A cuatro o cinco kilómetros del ferial, donde triunfan el gato galáctico y el gorila pugilístico, está el alto del que solía bajar Oteiza como un loco. Como el loco aquél de "Dios ha muerto, lo hemos asesinado, y no sabemos qué fiestas expiatorias tendremos que inventar". En el ferial, el ruido de un hit-parade universal, vomitado para más gloria de los decibelios por las etapas de potencia, reverberado en eternos bucles por los secuenciadores con que ha sido mezclado ("que el ruido no pare, no pare, no pare-e-e-e"), pone a prueba el límite de resistencia del oído humano. El gato galáctico y el gorila pugilístico, muñecos inanimados, duros de oído, lo llevan bien. Nosotros no tanto. Nos vamos ahora mismo de excursión.

Oteiza, el de "yo no ensucio mi historial de fracasado con una victoria", sigue conquistando derrotas después de muerto

En el alto del que solía bajar Oteiza como un centauro del desierto, está ahora su casi solitario museo. El laberíntico edificio de Sáenz de Oiza es impresionante; el recorrido por el interior, desolador. El museo está casi vacío de visitantes y vacío del todo de proyecto. Oteiza, el de "yo no ensucio mi historial de fracasado con una victoria", sigue conquistando derrotas después de muerto.

El último centauro de las vanguardias artísticas del siglo XX, que como combatiente de primera línea abandonó la escultura para intentar desde la política el reencantamiento del horizonte ("¿Quién nos dio la esponja para borrar el horizonte?", clamaba el loco), es ahora Acteón devorado por los perros. Como el centauro Quirón, y muertas las divinidades, Oteiza se proponía facilitar a los mortales artes con las que remitificar el mundo. No es ése el propósito al que sirve su poco visitado y poco visitable museo (ninguna vida, ninguna actividad en él, sólo calma y silencio). Como Acteón, el loco de Alzuza osó mirar de frente a la divinidad. Como aquél, ha sido convertido en ciervo y devorado por unas autoridades políticas, deseosas de turistas, pero no de otros ruidos y riesgos culturales.

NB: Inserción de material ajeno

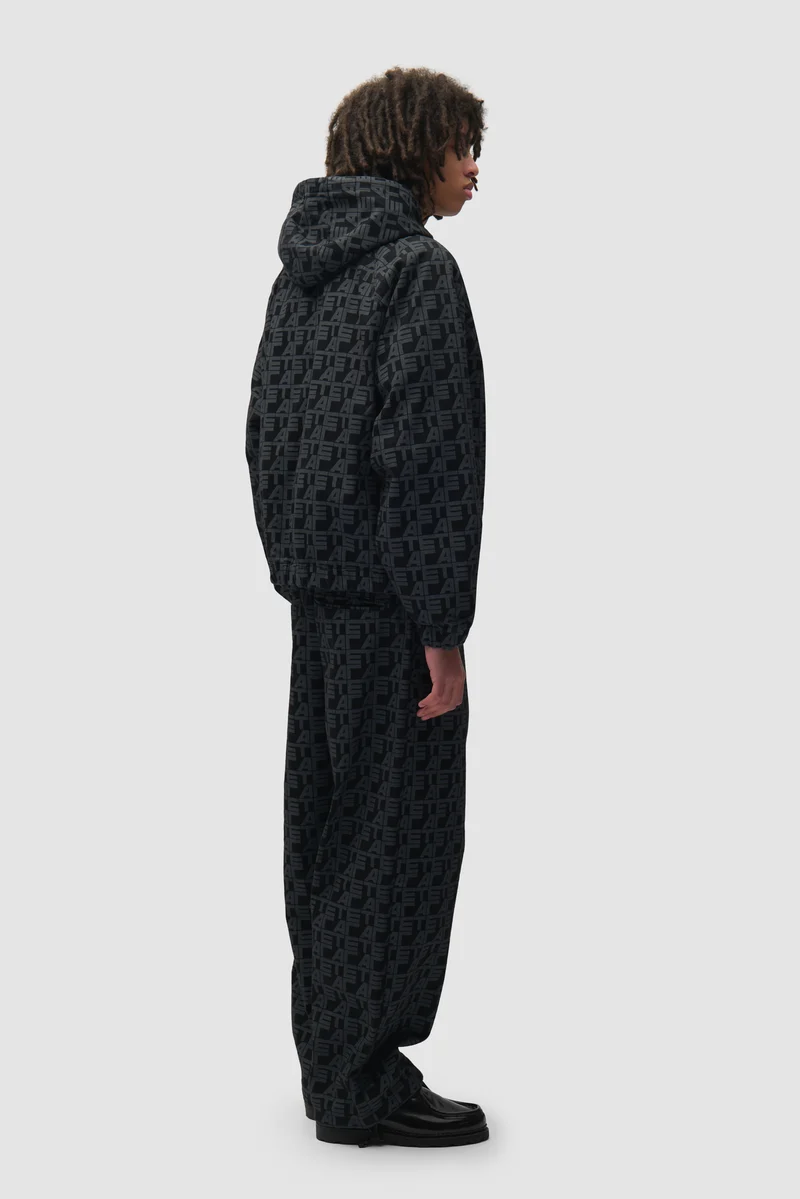 Pantalon à carreaux sur toute la surface - Denim noir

Hubo un tiempo en que Oteiza pensó en hacer una película titulada Acteón. En aquel tiempo creía que en las cuevas cinematográficas podía encenderse la linterna mágica y siluetear en la pantalla el horizonte de un universo reencantado: un horizonte desde el que sostener la mirada ante los dioses inclementes, o por lo menos protegerse de su caprichosa crueldad. Acteón: otro de sus grandes fracasos, nada. Un poco más arriba de su museo, al pie de la iglesia de Alzuza, está la tumba de Oteiza. Tres mínimos listones, que forman una doble cruz, lo unen con Itziar. En el listón horizontal tan sólo unas fechas. Se podría añadir el epitafio de la tumba del cineasta Yasujiro Ozu, cuyas películas están hechas de profundidad de tiempo: "mu", nada, el vacío.

En el parque de la Ciudadela de Pamplona, al lado del ferial, donde el gato galáctico y el gorila pugilístico siguen sobrellevando con alegría el brutal chaparrón de vatios, está la pieza de Oteiza titulada Un gudari llamado Odiseo. De la cara del soldado, azotada por los inclemencias del tiempo y tantas batallas perdidas, se va desprendiendo la pintura y empieza a asomar el óxido. El óxido, como el ruido, nunca descansa. El óxido es el anuncio de otro derrota en marcha. En el parque de Yamaguchi, una pieza de Oteiza en forma de frontón, pensada para desatar sobre sus planos fuerzas y astucias dignas de pelotaris superiores, sirve de lecho a los rendidos turistas. Como tantas del centauro de Alzuza, ésta es una pieza arquitectónica. Oteiza gran arquitecto, incluso de sí mismo y de sus fracasos.

En Alzuza, a cuatro o cinco kilómetros de donde triunfan el exitoso gato galáctico y el popular gorila pugilístico, hay uno de los más bellos monumentos al fracaso que haya visto la modernidad.